In 1984, the British Bankers Association, with the assent of the Bank of England, decided to collectively fix interest rates, to facilitate trading the new financial instruments which bankers were dreaming up. The London Interbank Offered Rate (Libor) became an international standard, with rates set by a committee of 18 global banks. Using an averaging process that throws out the high and lows, Libor rates are set by banks based upon what they think they would have to pay to borrow if they needed money.
You have this vast array of financial instruments that hang their own fixes off a rate that doesn’t actually exist. ~ former Libor trader
In theory, Libor is supposed to be an honest number, because, it was assumed, that banks play by the rules and give truthful estimates. In reality, the system is rotten.

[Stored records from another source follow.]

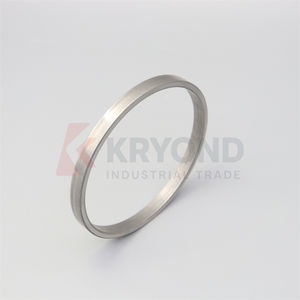 1 ชิ้น 28.011.020 แหวนรองรับลูกปืนสำหรับชิ้นส่วนเครื่องพิมพ์ที่เชื่อถือได้ - Product Image 3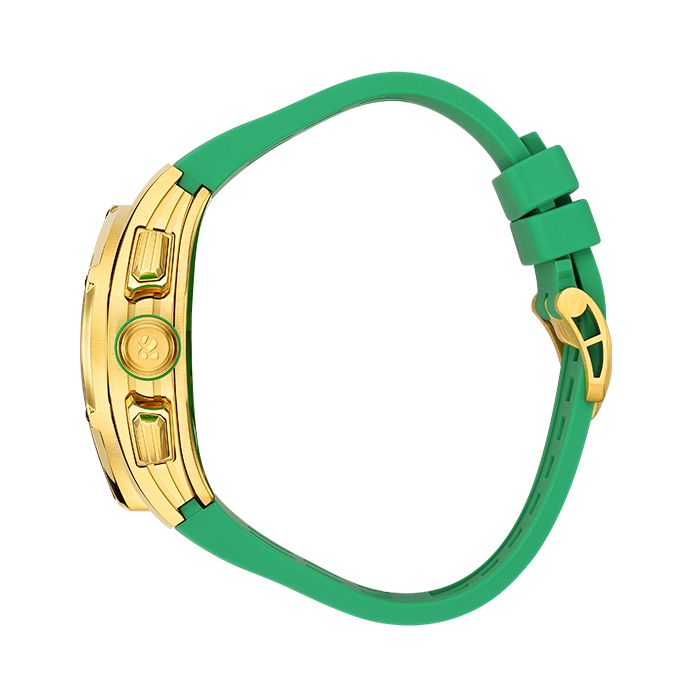 AVIATOR CHRONO RS2 GOLD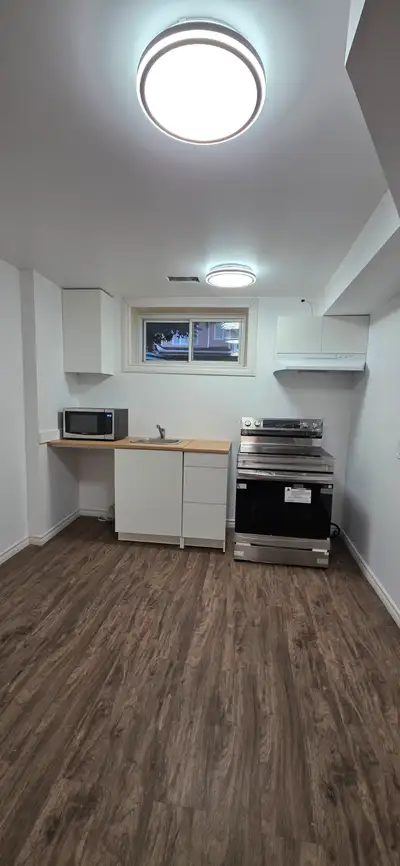 2 Bedrooms to Rent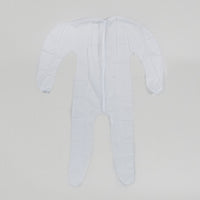 Unionall Mortuary Garment
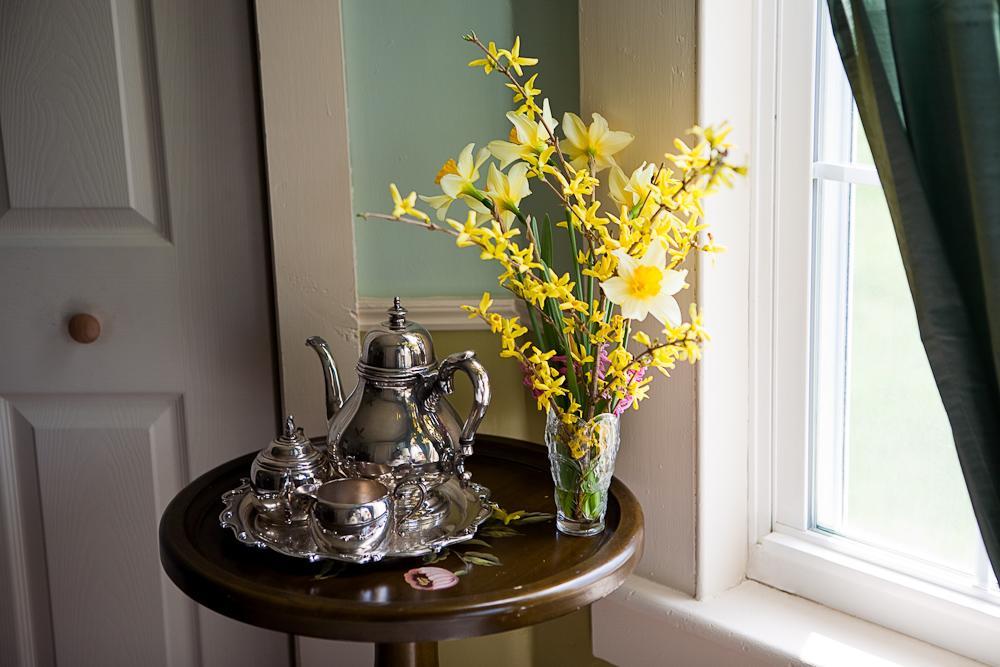 Lyttleton Inn Littleton ภายนอก รูปภาพ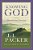 Knowing God Devotional Journal: A One-Year Guide-.. - Imagem 1
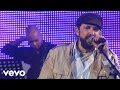 Juan Luis Guerra - A Pedir Su Mano (Live)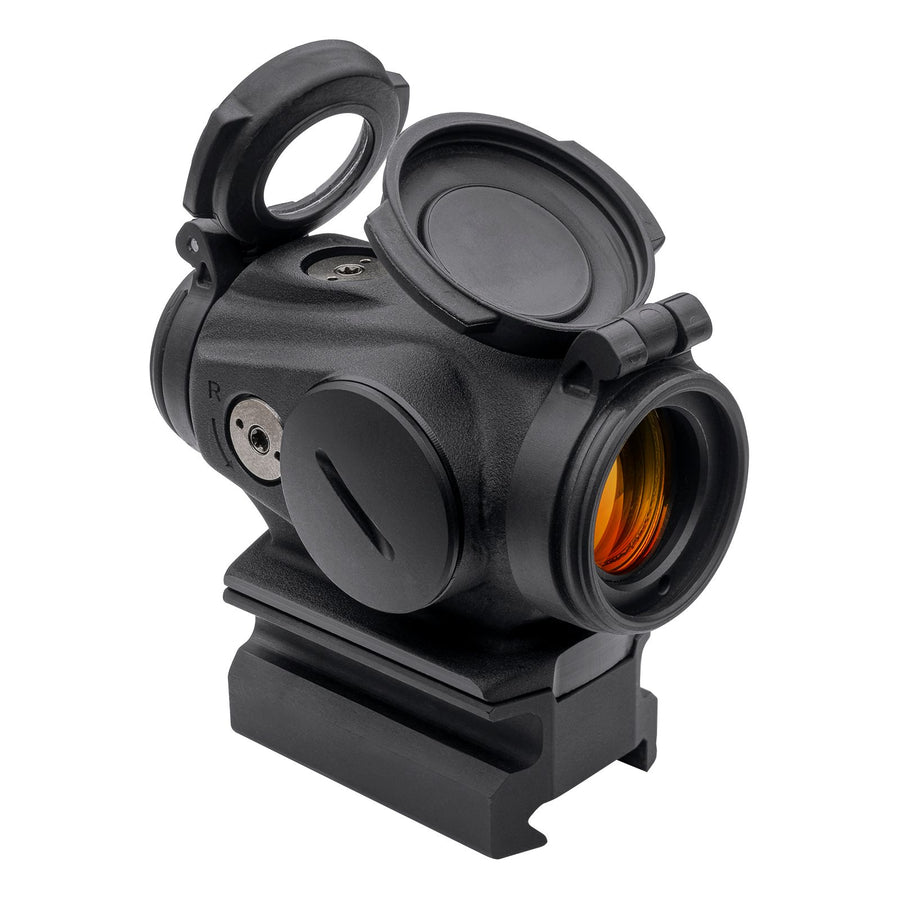 Aimpoint Duty RDS 1x22mm Reflex Red Dot Sight - 200759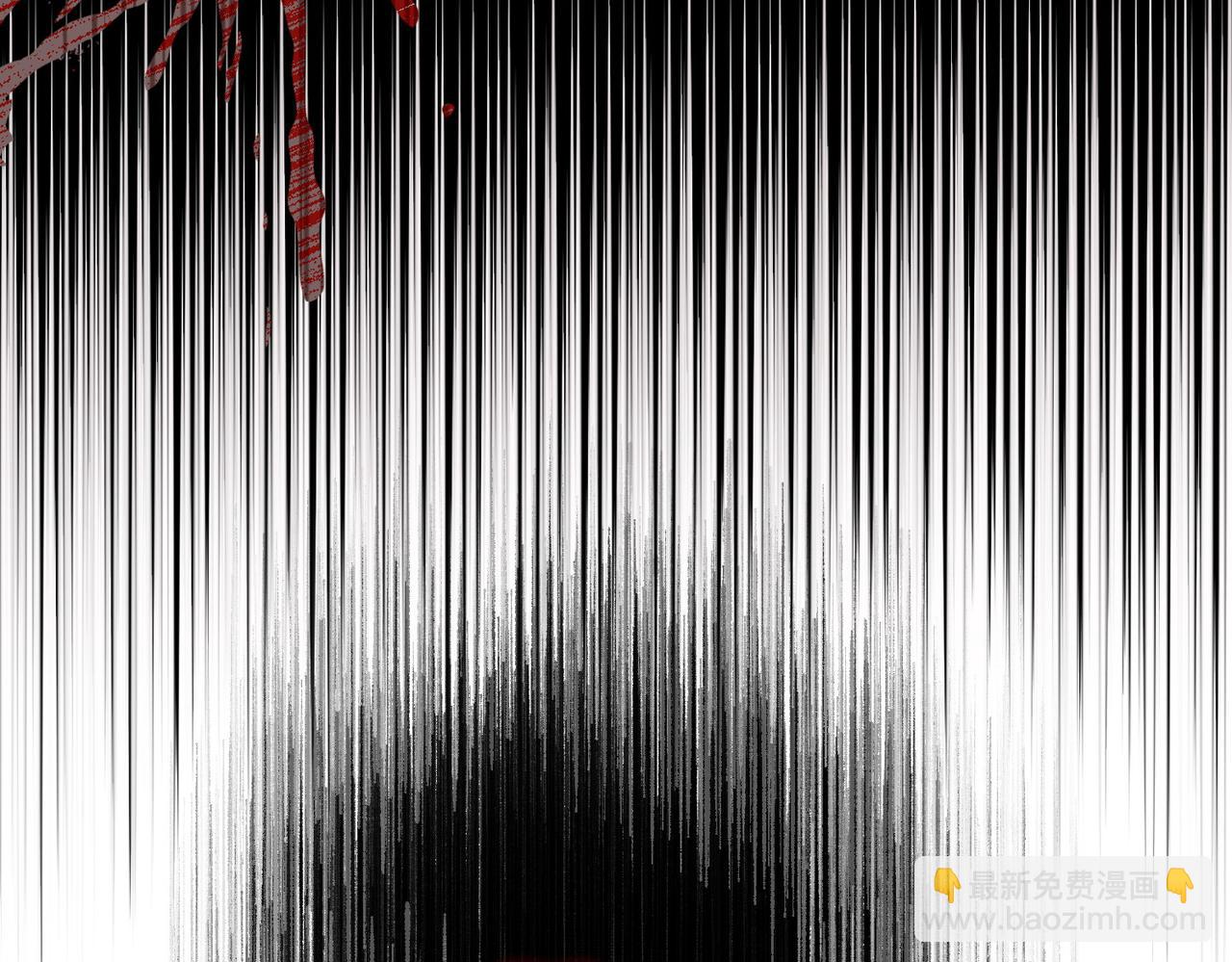 第78话 盼望已久(1/4)-第78话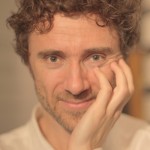 Movie: Thomas Heatherwick on designing a new bus for London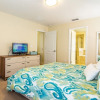 Отель Ov4089 - Champions Gate Resort - 5 Bed 4.5 Baths Villa, фото 28
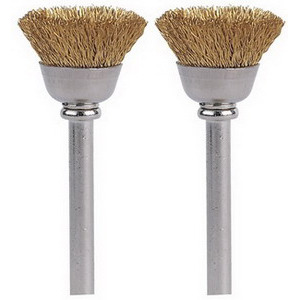 Dremel 536-02
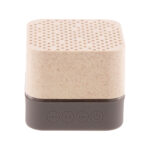 Wheabo głośnik bezprzewodowy - obrazek 3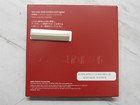 Acrobat Xi Pro Dvd For Windows 10   11 Office Software  2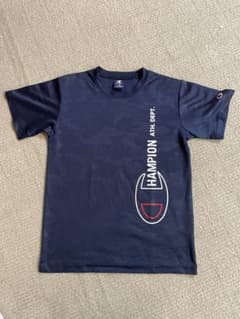 はちさん専用　championまとめ買いのサムネイル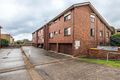 Property photo of 5/3 Keys Street Dandenong VIC 3175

1st, Libor rates are set based on bank estimates, rather than the actual prices at which banks have lent to or borrowed from one another.
2nd, banks have every incentive to lie, as they stand to profit or lose depending on the Libor rates set each day. Worse still, the transparency in the mechanism of setting rates exacerbates the propensity to lie rather than suppressing it. Weak banks do not want to signal their dilemma with an honest estimate of the high price they would have to pay to borrow, if they could borrow at all.
Unsurprisingly, Libor rates were rigged via collusion shortly after the system was set up. To keep the lending wheels greased, rates were generally set lower than market rates would have been.
Going back to the late 1980s, when I was a trader, you saw some pretty odd fixings. With traders, if you don’t actually nail it down, they’ll steal it. ~ another former Libor trader
It was one of those well-kept secrets, but the regulator was asleep. The Bank of England didn’t care, and the participating banks were happy with the reference prices. ~ yet another former Libor trader
Libor rates became embedded in the world banking system as key references and remain so today.
As the global financial crisis begin in the middle of 2007, credit markets started to freeze up. The unexploded bombs littering the banking system had banks not trusting one another; yet Libor rates remained suspiciously low given the environment.
Government regulators in the UK and US were tipped off to Libor rigging in 2008, but with the financial fiasco full-blown, nothing was done until 2012, when the banks that managed to survive their self-created maelstrom were slapped on the wrist with fines. The culprits included all international banks in the Western world. As usual, only bank minions faced lackluster criminal prosecution, with few convictions.
The scandal mortally wounded Libor, though it took years to bleed out and die. From the mid-2110s, Libor was phased out for similar benchmarks, most notably SOFR, which is a measure of the cost of US banks borrowing cash overnight. (SOFR = Secured Overnight Financing Rate, compiled by the US Federal Reserve.)
Interest rates price debt via regulated mechanics. In contrast, the prices of equities are determined with all the decorum of a barroom brawl.